TASK TO CARRY OUT> Only the pictures stay out; every record is to be quoted exactly.

::: ENTRIES SHOWN

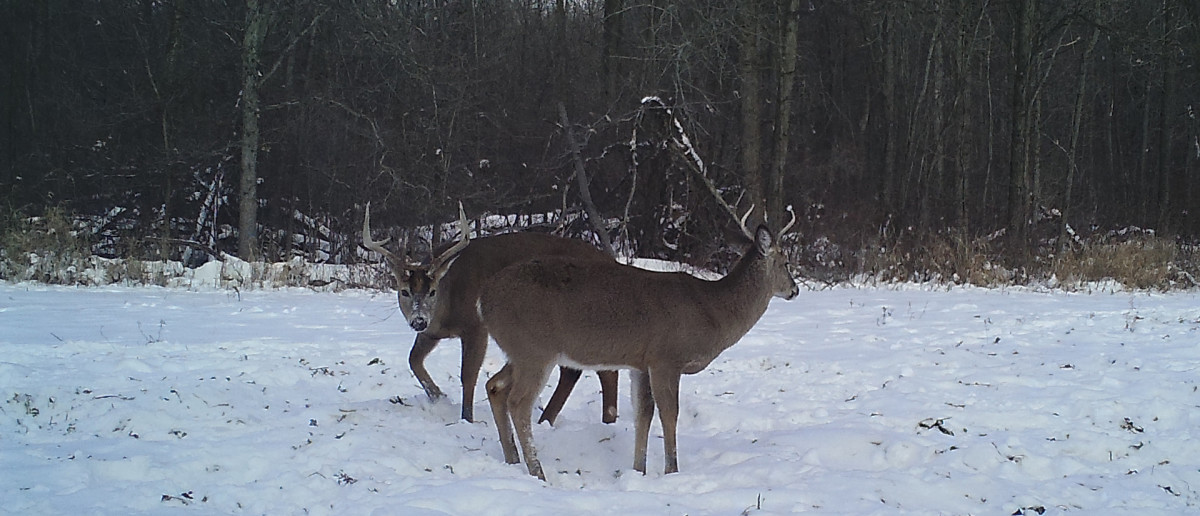 The Hunt for Holyfield’s Sheds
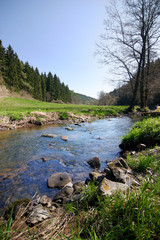 spring countryside with river - sunny romantic day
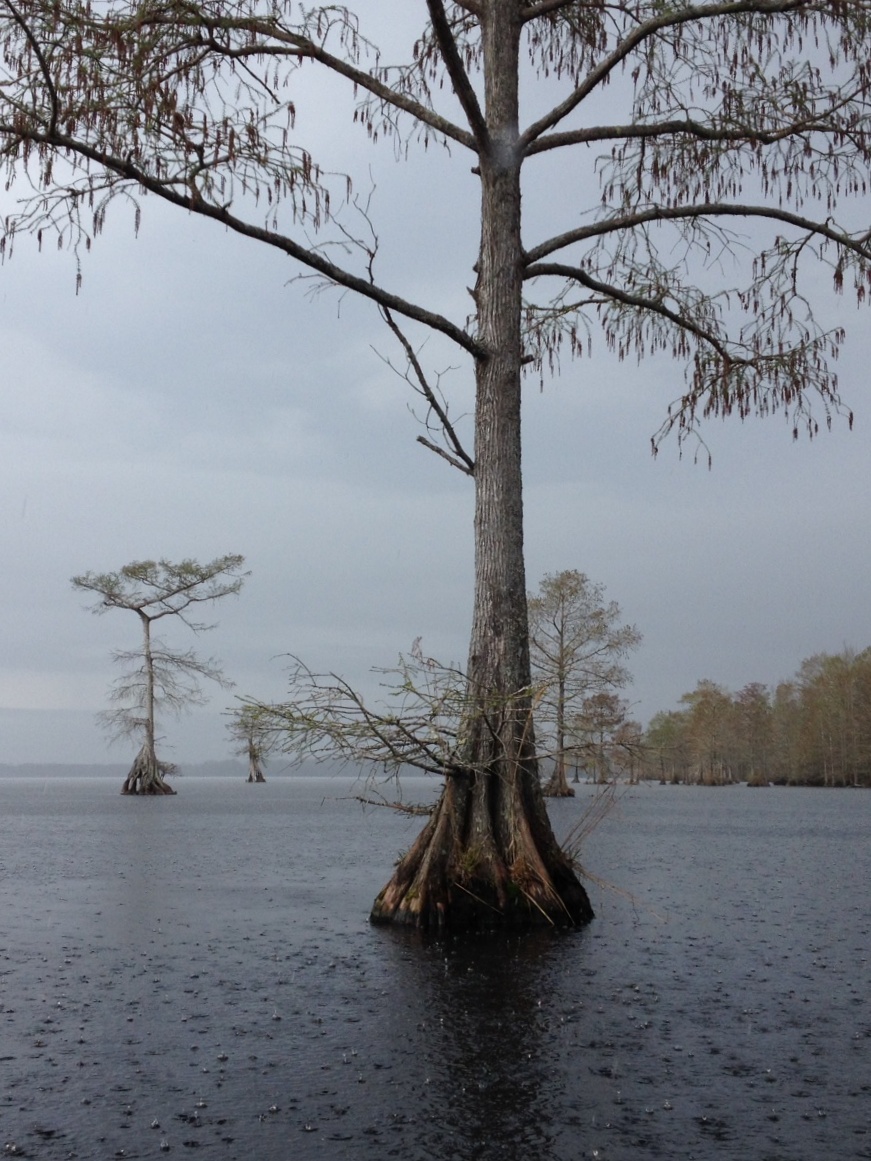 Lake Drummond.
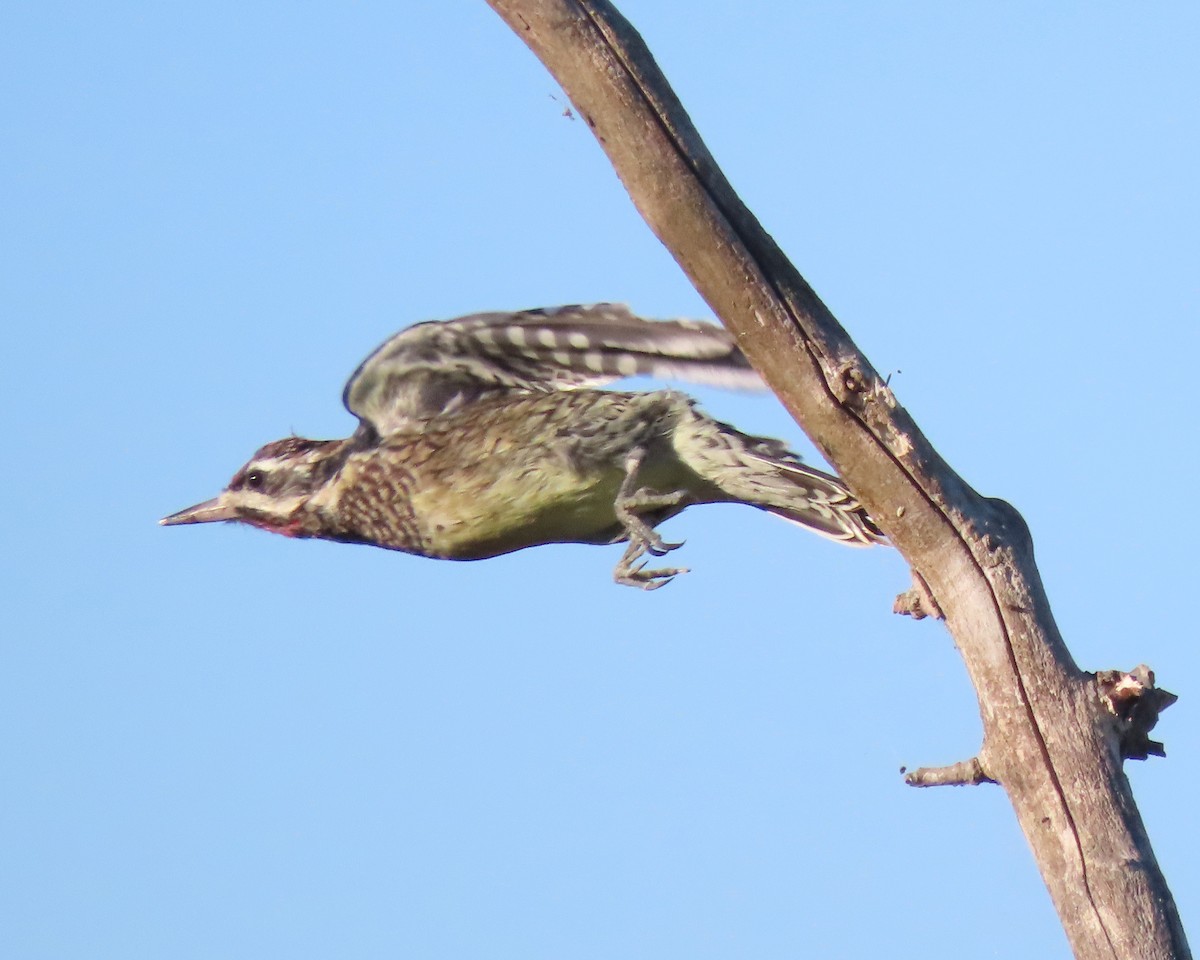 Yellow-bellied Sapsucker - ML610291216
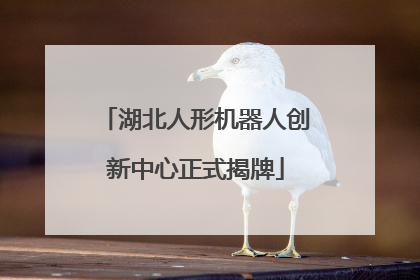 湖北人形机器人创新中心正式揭牌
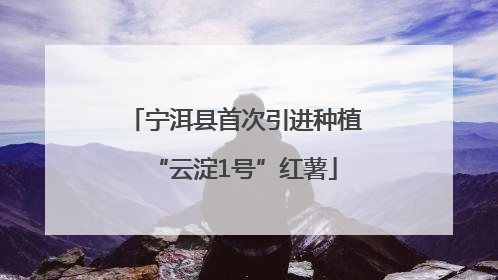 宁洱县首次引进种植“云淀1号”红薯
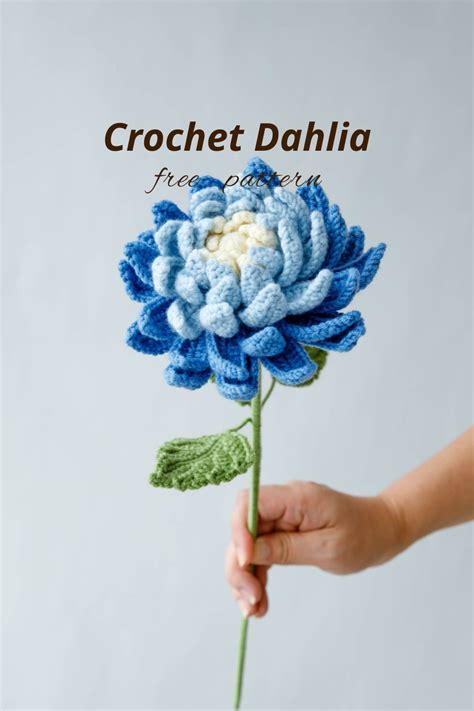 Crochet Dahlia Free Pattern With Video Hookok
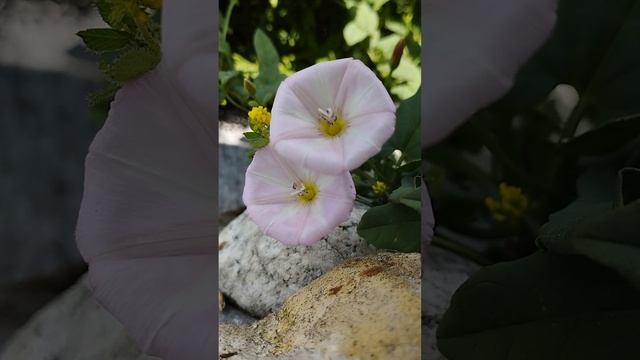 Живая природа, цветы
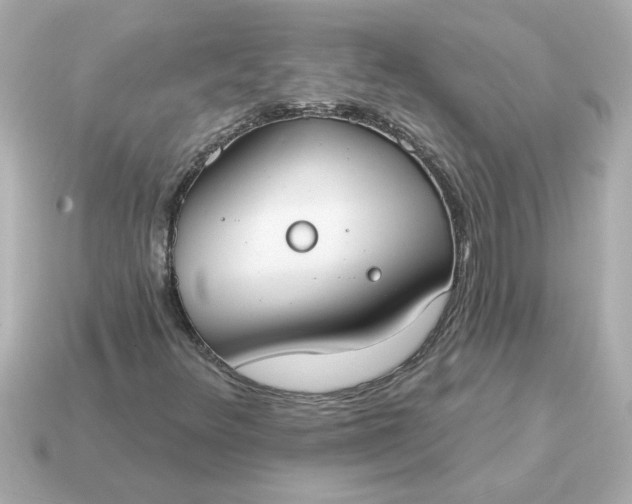 X0000115161348200911101741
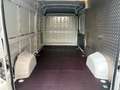 Fiat Ducato L3H2 2.2 M-Jet 140PS 2022 Weiß - thumbnail 7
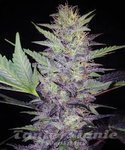 MEPHISTO GENETICS - Deep Blue C F2
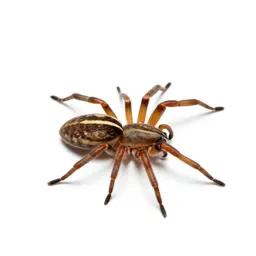 Spider mite
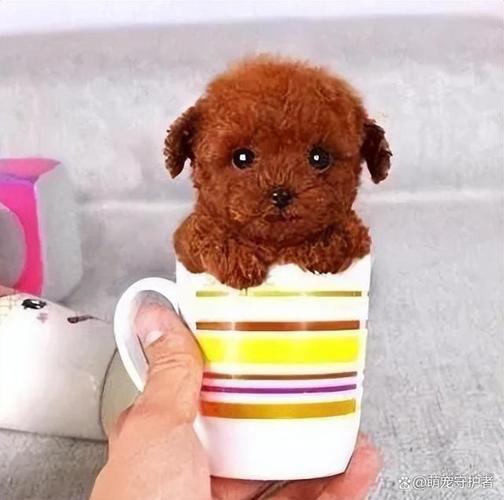 茶杯貴賓犬壽命多長(zhǎng)_貴賓微小體和茶杯犬區(qū)別_微小茶杯貴賓犬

::::::

EXPECTED OUTPUT>
 The Hunt for Holyfield’s Sheds
 spring countryside with river - sunny romantic day
 Lake Drummond.
 Yellow-bellied Sapsucker - ML610291216
 湖北人形机器人创新中心正式揭牌
 宁洱县首次引进种植“云淀1号”红薯
 Crochet Dahlia Free Pattern With Video Hookok
 Живая природа, цветы
 X0000115161348200911101741
 Fiat Ducato L3H2 2.2 M-Jet 140PS 2022 Weiß - thumbnail 7
 MEPHISTO GENETICS - Deep Blue C F2
 Spider mite
 茶杯貴賓犬壽命多長(zhǎng)_貴賓微小體和茶杯犬區(qū)別_微小茶杯貴賓犬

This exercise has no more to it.